Material provided:
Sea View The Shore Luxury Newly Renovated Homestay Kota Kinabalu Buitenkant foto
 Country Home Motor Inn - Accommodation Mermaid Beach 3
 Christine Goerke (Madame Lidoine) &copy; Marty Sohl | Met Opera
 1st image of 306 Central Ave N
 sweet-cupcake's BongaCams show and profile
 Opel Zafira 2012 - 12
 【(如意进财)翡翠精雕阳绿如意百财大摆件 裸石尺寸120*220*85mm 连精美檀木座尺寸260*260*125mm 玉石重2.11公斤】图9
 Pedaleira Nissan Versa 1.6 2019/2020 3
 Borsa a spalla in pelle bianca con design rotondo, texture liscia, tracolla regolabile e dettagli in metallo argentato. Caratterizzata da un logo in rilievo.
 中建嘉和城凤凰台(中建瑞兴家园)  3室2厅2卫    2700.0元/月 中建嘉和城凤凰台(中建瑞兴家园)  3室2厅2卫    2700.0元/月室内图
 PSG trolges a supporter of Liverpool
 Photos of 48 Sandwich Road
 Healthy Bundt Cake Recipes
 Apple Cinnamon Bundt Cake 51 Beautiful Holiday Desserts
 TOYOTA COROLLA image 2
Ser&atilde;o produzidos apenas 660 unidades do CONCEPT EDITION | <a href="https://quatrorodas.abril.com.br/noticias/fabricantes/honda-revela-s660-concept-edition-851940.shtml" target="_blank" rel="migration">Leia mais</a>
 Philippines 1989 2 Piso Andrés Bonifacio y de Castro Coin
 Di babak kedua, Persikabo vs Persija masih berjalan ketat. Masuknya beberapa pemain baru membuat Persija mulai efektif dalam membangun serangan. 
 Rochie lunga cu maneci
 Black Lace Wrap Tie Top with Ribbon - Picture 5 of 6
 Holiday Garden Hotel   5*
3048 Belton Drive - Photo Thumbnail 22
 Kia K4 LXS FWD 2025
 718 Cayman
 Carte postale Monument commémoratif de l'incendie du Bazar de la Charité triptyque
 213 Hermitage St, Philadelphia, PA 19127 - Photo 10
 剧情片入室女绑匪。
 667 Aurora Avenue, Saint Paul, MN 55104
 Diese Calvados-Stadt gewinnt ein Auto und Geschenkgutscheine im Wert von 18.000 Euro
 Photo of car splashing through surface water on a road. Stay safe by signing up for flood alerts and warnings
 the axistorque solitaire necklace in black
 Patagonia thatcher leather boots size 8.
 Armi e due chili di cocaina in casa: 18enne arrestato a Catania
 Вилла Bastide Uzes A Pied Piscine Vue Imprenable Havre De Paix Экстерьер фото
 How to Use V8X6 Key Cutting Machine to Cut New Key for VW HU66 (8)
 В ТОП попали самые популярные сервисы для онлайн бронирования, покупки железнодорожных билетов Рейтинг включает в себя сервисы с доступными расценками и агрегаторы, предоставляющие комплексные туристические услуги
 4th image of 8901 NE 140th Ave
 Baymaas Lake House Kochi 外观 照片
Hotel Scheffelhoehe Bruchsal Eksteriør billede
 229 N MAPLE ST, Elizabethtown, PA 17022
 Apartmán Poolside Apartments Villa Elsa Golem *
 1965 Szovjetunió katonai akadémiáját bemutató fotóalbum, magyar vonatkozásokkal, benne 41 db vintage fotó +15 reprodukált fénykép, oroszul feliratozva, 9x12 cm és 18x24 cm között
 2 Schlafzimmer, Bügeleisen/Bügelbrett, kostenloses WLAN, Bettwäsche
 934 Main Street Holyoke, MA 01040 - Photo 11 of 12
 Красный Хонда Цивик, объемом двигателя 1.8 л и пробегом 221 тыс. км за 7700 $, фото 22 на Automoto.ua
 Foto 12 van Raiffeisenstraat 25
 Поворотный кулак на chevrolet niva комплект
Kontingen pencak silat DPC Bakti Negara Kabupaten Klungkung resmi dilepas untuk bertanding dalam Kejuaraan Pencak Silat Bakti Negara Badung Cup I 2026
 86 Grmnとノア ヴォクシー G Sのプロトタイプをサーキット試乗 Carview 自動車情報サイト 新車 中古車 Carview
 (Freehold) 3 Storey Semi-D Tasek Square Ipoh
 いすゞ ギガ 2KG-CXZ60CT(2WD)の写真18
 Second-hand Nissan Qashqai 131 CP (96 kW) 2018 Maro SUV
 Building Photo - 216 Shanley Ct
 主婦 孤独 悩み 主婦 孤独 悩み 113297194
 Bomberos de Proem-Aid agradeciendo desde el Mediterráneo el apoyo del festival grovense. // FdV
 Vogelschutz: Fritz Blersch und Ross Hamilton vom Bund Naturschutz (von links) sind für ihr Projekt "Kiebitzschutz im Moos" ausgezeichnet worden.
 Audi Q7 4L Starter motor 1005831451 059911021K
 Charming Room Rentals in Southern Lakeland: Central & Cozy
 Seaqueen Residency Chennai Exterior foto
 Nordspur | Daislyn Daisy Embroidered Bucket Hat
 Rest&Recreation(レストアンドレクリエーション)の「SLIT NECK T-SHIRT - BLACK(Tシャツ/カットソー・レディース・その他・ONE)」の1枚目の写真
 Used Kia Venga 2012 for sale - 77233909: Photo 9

What the task asks:
Return only the lines spanning from the first line of the material through the line with "Pedaleira Nissan Versa 1.6 2019/2020 3", copied exactly, both ends kept.

Output:
Sea View The Shore Luxury Newly Renovated Homestay Kota Kinabalu Buitenkant foto
 Country Home Motor Inn - Accommodation Mermaid Beach 3
 Christine Goerke (Madame Lidoine) &copy; Marty Sohl | Met Opera
 1st image of 306 Central Ave N
 sweet-cupcake's BongaCams show and profile
 Opel Zafira 2012 - 12
 【(如意进财)翡翠精雕阳绿如意百财大摆件 裸石尺寸120*220*85mm 连精美檀木座尺寸260*260*125mm 玉石重2.11公斤】图9
 Pedaleira Nissan Versa 1.6 2019/2020 3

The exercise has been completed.